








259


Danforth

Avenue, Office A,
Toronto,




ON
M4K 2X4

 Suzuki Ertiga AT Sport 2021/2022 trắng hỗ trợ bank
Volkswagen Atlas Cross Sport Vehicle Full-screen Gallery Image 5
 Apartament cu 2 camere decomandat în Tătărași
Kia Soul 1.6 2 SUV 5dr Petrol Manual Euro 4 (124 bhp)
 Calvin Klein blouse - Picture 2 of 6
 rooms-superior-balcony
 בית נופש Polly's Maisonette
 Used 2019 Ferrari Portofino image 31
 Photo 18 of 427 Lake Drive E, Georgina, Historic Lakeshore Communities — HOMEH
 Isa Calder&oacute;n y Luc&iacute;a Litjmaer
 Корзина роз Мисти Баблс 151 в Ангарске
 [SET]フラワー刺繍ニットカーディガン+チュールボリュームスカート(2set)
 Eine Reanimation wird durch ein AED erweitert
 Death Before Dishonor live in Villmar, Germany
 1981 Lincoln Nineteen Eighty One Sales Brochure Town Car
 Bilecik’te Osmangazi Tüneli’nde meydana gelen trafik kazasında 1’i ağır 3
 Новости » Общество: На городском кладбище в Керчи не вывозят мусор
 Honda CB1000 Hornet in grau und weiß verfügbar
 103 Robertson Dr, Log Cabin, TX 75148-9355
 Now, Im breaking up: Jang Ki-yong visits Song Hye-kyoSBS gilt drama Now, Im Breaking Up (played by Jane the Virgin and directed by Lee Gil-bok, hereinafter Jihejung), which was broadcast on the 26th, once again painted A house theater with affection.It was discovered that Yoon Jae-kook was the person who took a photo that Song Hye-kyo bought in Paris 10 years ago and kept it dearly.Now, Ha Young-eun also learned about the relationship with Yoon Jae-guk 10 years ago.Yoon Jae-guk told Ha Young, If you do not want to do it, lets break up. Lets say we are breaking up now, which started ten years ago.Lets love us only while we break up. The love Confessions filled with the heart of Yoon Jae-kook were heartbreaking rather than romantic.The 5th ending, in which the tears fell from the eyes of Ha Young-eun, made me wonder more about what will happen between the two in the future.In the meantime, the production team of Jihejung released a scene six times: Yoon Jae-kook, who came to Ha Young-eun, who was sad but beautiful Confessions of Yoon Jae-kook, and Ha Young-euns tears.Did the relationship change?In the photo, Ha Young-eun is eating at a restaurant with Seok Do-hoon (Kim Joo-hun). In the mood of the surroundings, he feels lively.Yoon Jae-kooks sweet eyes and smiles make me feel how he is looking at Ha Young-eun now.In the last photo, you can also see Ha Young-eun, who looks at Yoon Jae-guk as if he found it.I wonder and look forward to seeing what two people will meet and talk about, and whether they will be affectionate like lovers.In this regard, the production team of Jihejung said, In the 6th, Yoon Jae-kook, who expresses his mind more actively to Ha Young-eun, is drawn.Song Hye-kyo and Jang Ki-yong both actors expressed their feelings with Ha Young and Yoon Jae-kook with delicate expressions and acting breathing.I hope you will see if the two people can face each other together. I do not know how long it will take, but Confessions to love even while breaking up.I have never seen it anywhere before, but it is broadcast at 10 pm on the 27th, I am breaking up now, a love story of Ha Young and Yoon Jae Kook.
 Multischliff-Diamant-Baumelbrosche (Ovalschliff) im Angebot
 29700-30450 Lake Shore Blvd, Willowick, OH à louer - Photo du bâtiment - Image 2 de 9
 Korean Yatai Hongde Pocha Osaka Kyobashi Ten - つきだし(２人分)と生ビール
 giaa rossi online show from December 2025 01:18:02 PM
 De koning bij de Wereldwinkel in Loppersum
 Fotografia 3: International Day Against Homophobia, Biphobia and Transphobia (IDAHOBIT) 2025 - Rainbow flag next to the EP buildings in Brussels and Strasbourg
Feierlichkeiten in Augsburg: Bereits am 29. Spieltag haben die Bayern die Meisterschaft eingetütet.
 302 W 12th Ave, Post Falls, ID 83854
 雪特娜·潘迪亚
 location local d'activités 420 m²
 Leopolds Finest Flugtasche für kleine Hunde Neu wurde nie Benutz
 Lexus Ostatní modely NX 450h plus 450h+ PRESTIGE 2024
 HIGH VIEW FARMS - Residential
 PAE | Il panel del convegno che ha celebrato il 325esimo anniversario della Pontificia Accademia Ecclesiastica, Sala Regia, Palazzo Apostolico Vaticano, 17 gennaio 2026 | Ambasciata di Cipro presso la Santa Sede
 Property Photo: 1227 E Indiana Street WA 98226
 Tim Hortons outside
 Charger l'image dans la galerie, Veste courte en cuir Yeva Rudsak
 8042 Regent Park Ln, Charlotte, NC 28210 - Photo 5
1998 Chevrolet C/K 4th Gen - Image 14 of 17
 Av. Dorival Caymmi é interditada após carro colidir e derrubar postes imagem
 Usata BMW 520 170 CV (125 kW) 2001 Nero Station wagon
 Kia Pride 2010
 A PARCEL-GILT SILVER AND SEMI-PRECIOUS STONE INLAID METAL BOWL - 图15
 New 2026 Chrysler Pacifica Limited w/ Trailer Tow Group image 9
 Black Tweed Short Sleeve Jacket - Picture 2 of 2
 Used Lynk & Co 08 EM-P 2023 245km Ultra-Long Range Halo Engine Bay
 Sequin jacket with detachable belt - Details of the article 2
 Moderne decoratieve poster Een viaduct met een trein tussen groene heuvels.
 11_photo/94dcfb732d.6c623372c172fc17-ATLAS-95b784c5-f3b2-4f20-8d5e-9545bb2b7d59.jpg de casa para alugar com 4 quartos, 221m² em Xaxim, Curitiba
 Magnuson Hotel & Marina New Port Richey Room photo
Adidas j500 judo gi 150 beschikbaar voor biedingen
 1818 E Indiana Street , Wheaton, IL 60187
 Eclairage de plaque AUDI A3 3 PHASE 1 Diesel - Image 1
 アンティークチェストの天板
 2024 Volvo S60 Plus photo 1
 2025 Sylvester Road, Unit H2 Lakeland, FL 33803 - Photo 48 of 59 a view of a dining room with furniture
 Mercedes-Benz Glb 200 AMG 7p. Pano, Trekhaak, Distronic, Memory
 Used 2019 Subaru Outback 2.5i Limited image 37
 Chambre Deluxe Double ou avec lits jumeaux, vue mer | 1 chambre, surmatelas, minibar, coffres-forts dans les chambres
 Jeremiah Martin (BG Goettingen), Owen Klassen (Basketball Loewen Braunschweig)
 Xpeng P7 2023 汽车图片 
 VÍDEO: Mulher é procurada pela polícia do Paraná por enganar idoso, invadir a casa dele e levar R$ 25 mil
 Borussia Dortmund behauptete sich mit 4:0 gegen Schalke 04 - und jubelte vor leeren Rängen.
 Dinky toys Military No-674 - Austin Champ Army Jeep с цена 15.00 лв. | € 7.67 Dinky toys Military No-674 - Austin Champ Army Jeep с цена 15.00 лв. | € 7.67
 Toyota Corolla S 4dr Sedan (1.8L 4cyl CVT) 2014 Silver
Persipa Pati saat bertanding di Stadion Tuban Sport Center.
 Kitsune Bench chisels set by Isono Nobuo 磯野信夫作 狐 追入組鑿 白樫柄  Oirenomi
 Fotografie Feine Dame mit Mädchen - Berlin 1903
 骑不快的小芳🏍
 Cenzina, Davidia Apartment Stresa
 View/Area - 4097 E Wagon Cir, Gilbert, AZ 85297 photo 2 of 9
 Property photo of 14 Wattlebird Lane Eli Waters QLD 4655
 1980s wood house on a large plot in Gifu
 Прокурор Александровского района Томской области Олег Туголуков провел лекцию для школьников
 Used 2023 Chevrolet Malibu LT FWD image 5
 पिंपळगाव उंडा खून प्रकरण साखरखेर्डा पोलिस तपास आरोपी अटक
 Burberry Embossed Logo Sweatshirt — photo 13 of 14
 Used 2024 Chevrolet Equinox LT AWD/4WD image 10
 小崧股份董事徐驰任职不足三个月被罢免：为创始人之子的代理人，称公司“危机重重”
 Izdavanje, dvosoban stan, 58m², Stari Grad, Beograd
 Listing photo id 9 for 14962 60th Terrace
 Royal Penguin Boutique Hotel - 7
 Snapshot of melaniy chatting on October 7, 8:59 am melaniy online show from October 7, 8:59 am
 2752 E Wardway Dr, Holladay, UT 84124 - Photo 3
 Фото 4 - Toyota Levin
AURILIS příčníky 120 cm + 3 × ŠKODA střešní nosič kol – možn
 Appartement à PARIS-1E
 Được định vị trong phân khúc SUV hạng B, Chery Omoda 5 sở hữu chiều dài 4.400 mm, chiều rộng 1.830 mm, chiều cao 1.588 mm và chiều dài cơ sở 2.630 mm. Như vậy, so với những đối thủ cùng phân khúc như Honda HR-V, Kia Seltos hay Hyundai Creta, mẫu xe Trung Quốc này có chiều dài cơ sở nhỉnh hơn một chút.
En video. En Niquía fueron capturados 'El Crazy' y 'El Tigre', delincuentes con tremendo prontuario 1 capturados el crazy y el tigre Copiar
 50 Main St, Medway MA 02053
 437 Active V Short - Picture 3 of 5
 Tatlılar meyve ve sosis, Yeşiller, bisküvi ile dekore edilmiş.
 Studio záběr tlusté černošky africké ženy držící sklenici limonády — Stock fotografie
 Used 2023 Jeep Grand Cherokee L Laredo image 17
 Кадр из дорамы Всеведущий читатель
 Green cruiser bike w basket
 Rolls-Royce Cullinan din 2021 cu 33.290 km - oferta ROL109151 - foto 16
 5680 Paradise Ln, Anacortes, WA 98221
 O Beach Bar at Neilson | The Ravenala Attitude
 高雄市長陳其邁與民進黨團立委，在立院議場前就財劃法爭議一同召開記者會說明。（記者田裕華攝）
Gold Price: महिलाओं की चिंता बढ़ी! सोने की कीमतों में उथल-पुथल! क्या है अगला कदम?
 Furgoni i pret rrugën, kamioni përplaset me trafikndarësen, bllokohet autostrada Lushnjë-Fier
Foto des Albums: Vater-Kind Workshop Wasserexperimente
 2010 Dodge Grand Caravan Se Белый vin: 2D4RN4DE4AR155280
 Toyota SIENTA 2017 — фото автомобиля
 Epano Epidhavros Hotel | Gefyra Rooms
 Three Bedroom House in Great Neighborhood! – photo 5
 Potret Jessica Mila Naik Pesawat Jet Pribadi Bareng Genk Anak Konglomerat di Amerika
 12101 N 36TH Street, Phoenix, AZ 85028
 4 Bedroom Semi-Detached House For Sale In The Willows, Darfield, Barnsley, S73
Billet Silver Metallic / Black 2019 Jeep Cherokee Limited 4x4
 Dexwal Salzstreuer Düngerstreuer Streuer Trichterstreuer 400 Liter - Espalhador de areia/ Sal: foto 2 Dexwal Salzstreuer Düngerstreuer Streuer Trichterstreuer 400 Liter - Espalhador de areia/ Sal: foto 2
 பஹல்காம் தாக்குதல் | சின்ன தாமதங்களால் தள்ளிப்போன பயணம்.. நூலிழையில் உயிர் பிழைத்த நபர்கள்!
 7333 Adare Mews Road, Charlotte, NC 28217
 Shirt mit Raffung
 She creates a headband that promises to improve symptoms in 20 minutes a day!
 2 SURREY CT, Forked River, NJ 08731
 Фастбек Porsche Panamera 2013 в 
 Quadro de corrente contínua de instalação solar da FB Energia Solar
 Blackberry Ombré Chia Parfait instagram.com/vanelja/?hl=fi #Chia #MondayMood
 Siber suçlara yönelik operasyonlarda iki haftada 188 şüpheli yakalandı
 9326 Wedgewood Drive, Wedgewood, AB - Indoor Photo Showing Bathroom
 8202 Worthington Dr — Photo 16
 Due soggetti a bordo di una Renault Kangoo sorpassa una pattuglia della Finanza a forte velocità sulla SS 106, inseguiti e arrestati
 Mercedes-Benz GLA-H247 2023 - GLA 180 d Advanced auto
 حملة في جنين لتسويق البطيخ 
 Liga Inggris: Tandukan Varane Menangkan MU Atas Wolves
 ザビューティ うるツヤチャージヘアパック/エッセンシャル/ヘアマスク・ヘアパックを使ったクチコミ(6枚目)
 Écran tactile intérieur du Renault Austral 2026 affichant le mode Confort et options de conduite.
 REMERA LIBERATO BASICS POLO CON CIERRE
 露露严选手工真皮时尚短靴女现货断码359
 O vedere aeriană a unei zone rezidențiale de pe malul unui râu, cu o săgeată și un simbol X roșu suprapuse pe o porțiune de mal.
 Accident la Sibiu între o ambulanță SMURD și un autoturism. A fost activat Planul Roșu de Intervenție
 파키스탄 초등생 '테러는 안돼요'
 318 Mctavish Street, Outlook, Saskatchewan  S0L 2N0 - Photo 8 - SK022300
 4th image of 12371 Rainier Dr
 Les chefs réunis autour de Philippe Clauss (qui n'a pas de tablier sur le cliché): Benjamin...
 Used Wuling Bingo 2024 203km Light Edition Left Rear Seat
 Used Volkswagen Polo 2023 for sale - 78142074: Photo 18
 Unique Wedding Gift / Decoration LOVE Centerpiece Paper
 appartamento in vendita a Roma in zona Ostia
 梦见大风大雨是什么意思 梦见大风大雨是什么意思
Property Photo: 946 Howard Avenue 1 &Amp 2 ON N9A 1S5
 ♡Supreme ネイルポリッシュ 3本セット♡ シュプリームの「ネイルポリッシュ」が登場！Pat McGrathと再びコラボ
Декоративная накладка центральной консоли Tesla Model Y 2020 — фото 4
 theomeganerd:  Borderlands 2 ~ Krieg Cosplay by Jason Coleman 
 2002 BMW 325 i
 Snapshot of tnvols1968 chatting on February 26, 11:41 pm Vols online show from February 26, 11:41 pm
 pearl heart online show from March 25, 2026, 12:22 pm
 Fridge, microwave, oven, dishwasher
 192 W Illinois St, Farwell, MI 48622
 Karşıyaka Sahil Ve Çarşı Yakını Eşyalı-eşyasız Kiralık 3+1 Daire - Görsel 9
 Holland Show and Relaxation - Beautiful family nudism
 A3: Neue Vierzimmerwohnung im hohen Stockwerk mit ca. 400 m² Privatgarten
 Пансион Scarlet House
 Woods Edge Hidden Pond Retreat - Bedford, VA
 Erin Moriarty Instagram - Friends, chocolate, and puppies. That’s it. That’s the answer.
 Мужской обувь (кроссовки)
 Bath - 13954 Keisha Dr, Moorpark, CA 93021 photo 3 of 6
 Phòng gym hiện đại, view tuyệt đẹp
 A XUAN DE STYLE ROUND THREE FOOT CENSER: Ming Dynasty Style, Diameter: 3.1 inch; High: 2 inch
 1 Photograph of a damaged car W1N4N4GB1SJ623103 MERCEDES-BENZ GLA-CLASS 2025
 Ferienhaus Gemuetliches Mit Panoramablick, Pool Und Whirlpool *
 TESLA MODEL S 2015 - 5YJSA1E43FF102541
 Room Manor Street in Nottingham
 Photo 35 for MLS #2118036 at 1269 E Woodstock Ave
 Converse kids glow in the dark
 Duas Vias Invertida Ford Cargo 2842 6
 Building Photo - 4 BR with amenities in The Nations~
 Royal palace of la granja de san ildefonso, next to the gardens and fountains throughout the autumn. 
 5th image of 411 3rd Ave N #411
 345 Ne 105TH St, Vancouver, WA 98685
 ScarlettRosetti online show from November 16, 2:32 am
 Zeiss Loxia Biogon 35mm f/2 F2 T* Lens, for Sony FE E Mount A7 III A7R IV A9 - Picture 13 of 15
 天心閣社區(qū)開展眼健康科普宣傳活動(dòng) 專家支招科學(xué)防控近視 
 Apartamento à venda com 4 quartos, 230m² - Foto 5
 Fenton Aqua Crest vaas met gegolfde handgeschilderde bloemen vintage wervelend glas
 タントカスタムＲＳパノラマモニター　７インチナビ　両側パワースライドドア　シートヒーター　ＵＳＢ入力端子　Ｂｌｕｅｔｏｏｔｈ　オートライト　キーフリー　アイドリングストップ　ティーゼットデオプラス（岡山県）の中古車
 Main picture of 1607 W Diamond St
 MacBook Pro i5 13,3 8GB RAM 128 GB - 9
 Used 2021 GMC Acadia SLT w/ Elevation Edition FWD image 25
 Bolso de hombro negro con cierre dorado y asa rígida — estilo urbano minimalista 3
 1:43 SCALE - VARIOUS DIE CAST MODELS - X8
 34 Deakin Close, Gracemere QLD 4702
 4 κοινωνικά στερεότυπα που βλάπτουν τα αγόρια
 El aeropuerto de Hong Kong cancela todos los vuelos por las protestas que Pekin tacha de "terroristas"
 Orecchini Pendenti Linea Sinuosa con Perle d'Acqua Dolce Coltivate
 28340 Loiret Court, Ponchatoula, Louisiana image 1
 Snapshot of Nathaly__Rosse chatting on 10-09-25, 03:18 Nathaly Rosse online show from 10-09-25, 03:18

▶ **TASK BRIEF**: The answer should hold only the lines from the start of the records above through the line containing "Used 2019 Ferrari Portofino image 31", each set down exactly.

▶ **SOLUTION TO THIS PROBLEM**:
259


Danforth

Avenue, Office A,
Toronto,




ON
M4K 2X4

 Suzuki Ertiga AT Sport 2021/2022 trắng hỗ trợ bank
Volkswagen Atlas Cross Sport Vehicle Full-screen Gallery Image 5
 Apartament cu 2 camere decomandat în Tătărași
Kia Soul 1.6 2 SUV 5dr Petrol Manual Euro 4 (124 bhp)
 Calvin Klein blouse - Picture 2 of 6
 rooms-superior-balcony
 בית נופש Polly's Maisonette
 Used 2019 Ferrari Portofino image 31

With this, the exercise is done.